In this blog post I would like to touch on the topic of resource management for Docker containers. It is often unclear how it works and what we can and cannot do. I hope that after reading this blog post resource management will be a bit easier for you to understand.
Note
|
I assume that you are running Docker on a systemd enabled operating system. If you are on RHEL/CentOS 7+ or Fedora 19+ this is certainly true. But please note that there can be some changes in the available configuration options between different systemd versions. When in doubt, use the systemd man pages for the system you work with. |
The basics
Docker uses cgroups to group processes running in the container. This allows you to manage the resources of a group of processes, which is very valuable, as you can imagine.
If we run an operating system which uses
systemd as the service
manager, every process (not only the ones inside of the container) will be placed in
a cgroups tree. You can see it for yourself if you run the systemd-cgls
command:
$ systemd-cgls ├─1 /usr/lib/systemd/systemd --switched-root --system --deserialize 22 ├─machine.slice │ └─machine-qemu\x2drhel7.scope │ └─29898 /usr/bin/qemu-system-x86_64 -machine accel=kvm -name rhel7 -S -machine pc-i440fx-1.6,accel=kvm,usb=off -cpu SandyBridge -m 2048 ├─system.slice │ ├─avahi-daemon.service │ │ ├─ 905 avahi-daemon: running [mistress.local │ │ └─1055 avahi-daemon: chroot helpe │ ├─dbus.service │ │ └─890 /bin/dbus-daemon --system --address=systemd: --nofork --nopidfile --systemd-activation │ ├─firewalld.service │ │ └─887 /usr/bin/python -Es /usr/sbin/firewalld --nofork --nopid │ ├─lvm2-lvmetad.service │ │ └─512 /usr/sbin/lvmetad -f │ ├─abrtd.service │ │ └─909 /usr/sbin/abrtd -d -s │ ├─wpa_supplicant.service │ │ └─1289 /usr/sbin/wpa_supplicant -u -f /var/log/wpa_supplicant.log -c /etc/wpa_supplicant/wpa_supplicant.conf -u -f /var/log/wpa_supplica │ ├─systemd-machined.service │ │ └─29899 /usr/lib/systemd/systemd-machined [SNIP]
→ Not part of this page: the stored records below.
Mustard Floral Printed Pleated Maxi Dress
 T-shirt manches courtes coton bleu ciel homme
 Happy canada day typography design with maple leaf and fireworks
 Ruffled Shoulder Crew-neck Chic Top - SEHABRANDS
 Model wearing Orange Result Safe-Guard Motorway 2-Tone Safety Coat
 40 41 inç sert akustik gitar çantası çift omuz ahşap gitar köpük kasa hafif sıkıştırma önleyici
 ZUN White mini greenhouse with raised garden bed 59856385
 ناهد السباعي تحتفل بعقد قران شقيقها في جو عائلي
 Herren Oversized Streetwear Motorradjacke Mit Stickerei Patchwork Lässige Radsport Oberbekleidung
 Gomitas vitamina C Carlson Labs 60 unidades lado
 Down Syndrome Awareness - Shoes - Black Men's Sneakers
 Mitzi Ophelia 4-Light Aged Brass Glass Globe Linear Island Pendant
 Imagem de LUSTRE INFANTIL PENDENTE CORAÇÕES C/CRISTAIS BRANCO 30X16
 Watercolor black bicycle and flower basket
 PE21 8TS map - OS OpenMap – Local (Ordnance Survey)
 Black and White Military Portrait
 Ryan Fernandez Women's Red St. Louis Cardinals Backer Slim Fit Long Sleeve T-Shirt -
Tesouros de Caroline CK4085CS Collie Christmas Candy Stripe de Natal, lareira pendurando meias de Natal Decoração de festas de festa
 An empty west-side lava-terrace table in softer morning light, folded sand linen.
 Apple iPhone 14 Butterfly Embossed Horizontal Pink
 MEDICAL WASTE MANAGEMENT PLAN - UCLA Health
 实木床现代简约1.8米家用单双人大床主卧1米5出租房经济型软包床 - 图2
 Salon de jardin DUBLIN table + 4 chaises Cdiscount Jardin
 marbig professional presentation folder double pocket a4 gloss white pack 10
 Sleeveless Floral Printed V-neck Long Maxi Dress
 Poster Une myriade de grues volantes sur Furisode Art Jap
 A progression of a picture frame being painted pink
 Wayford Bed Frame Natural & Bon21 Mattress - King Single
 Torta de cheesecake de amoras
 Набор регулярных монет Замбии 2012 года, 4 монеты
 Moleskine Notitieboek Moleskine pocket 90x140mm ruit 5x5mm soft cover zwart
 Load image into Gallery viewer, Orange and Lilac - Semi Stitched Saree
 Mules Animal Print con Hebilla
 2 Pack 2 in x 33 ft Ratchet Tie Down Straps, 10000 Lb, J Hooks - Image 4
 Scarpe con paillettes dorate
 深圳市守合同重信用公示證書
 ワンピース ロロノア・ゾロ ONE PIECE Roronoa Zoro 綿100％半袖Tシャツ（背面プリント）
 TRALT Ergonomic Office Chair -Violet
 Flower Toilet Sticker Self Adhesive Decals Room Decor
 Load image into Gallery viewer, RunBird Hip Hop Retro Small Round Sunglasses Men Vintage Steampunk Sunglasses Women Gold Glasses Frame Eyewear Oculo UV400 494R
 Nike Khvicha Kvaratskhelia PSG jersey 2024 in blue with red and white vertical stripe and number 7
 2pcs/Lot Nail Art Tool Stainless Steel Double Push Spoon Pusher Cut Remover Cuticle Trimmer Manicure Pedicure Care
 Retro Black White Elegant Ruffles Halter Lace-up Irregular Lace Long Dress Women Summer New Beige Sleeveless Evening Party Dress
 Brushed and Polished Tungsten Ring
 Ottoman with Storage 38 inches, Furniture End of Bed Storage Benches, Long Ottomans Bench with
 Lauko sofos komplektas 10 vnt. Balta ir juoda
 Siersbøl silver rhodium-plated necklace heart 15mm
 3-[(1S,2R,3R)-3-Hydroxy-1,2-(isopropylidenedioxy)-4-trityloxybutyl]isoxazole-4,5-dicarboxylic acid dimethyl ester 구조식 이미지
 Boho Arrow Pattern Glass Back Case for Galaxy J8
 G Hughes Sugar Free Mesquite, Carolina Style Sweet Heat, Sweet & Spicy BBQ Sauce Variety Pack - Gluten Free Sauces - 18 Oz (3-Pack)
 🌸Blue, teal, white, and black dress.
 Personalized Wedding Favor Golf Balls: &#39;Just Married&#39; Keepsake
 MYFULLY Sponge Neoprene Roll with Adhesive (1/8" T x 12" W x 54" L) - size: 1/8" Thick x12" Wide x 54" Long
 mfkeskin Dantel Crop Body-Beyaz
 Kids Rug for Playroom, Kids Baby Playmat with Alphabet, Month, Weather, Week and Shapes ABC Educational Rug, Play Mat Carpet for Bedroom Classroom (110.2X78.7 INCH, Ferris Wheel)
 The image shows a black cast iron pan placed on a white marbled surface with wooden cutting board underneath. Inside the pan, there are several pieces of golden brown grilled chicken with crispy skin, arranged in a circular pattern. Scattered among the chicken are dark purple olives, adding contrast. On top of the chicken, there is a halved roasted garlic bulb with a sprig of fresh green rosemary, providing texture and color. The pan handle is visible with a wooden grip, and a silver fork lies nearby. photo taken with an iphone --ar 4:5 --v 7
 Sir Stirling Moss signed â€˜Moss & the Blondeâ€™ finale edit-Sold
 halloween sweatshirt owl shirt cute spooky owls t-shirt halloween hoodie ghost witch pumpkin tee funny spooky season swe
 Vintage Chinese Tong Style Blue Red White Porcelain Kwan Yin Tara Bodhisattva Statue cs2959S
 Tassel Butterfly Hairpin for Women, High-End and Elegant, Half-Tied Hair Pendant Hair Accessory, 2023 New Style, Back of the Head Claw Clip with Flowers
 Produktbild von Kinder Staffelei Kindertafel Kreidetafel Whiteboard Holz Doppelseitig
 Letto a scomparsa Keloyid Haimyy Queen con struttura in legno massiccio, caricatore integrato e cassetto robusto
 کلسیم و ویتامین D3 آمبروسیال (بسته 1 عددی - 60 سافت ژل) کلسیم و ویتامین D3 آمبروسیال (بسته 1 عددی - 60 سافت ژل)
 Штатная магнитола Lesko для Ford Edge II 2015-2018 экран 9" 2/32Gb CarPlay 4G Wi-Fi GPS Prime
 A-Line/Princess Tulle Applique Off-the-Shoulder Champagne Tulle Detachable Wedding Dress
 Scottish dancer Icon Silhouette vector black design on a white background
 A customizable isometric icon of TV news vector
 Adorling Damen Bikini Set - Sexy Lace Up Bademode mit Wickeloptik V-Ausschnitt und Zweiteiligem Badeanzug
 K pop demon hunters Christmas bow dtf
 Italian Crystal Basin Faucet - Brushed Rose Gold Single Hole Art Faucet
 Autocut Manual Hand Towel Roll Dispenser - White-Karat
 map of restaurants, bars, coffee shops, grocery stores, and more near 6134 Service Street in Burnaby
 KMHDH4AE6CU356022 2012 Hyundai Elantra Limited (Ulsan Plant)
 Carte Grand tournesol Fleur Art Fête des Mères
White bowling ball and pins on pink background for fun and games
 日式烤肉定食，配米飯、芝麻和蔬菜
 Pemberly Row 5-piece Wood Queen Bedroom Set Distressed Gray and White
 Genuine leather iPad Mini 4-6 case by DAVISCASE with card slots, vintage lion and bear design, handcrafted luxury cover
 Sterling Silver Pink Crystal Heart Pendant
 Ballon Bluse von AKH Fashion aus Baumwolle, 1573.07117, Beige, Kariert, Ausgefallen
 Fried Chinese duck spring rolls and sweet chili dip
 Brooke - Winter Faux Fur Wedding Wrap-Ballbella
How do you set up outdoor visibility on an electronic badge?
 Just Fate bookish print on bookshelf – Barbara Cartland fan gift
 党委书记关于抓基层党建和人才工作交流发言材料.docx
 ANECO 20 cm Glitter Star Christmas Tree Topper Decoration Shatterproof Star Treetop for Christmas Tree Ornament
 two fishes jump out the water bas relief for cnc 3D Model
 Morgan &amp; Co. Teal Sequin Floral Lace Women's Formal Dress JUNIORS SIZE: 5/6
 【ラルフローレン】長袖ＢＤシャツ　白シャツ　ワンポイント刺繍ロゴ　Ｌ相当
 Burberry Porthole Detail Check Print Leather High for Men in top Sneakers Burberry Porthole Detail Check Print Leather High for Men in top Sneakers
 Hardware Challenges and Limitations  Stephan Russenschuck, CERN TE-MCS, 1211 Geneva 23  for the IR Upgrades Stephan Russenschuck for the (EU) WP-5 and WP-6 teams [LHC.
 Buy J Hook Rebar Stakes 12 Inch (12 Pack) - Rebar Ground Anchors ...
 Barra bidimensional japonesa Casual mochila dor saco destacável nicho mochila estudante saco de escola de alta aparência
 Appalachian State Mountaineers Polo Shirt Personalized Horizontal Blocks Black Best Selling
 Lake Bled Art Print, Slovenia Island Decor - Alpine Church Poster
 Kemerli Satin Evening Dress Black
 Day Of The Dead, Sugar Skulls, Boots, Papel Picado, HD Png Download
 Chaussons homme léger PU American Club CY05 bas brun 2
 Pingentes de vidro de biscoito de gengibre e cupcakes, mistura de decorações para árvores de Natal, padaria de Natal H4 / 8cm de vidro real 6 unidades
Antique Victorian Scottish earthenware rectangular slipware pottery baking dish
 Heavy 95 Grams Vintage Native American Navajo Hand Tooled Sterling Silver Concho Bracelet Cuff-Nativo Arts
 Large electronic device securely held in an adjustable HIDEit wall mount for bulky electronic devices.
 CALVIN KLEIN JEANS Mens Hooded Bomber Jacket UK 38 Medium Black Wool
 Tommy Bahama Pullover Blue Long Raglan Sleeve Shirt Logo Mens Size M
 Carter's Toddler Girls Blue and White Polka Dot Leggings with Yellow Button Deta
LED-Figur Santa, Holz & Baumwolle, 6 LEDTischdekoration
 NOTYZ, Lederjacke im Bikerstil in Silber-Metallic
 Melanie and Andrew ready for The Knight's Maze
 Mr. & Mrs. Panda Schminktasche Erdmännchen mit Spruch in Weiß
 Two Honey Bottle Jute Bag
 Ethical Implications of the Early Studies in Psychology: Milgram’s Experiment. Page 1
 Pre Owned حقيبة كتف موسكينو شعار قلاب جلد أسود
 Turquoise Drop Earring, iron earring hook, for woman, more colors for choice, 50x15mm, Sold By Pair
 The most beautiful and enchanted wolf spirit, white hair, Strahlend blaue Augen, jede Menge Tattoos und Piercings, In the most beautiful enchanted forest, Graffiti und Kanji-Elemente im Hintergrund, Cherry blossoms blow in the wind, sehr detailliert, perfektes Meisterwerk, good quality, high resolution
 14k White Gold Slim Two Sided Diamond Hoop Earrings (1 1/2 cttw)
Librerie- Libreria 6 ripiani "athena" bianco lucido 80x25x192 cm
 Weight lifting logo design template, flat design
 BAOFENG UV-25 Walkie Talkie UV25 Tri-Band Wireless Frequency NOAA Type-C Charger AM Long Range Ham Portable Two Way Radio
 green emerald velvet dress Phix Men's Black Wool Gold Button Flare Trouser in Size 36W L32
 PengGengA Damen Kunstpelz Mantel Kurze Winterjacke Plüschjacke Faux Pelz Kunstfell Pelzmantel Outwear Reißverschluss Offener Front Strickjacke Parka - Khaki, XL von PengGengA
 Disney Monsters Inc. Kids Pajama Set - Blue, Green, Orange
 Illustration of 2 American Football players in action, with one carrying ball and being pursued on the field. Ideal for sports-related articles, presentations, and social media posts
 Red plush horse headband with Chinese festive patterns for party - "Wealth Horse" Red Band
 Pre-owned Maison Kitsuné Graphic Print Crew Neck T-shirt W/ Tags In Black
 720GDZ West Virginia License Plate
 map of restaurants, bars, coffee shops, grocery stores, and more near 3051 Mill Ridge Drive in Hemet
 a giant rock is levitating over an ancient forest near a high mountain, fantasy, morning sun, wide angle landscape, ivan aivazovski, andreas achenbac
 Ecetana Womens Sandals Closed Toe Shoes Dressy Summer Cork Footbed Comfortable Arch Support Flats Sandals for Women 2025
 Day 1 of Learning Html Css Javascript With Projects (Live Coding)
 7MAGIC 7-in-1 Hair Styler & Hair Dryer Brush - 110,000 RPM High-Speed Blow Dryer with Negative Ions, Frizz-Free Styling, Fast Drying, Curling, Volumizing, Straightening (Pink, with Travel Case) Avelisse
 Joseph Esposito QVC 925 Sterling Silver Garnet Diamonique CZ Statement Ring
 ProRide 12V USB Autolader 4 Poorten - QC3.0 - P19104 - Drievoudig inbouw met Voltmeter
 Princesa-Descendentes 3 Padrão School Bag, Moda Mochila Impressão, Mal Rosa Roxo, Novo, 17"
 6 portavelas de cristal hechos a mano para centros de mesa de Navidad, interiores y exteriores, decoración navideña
This approach gives a lot of flexibility when we want to manage resources, since we can manage every group individually. Although this blog post focuses on containers, the same principle applies to other processes as well.
Note
|
If you want to read more about resource management with systemd I highly recommend the Resource Management and Linux Containers Guide for RHEL 7. |
A note on testing
In my examples I’ll use the stress
tool that helps me to generate some load
in the containers so I can actually see the resource limits being applied. I
created a custom Docker images called (surprisingly) stress
using this Dockerfile
:
FROM fedora:latest
RUN yum -y install stress && yum clean all
ENTRYPOINT ["stress"]
A note on resource reporting tools
The tools you are used to using to report usage like top
, /proc/meminfo
and
so on are not cgroups aware. This means that they’ll report the information
about the host even if we run them inside of a container. I found a
nice blog
post from Fabio Kung on this topic. Give it a read.
So, what can we do?
If you want to quickly find which container (or any systemd service, really) uses the most resources
on the host I recommend the systemd-cgtop
command:
$ systemd-cgtop Path Tasks %CPU Memory Input/s Output/s / 226 13.0 6.7G - - /system.slice 47 2.2 16.0M - - /system.slice/gdm.service 2 2.1 - - - /system.slice/rngd.service 1 0.0 - - - /system.slice/NetworkManager.service 2 - - - - [SNIP]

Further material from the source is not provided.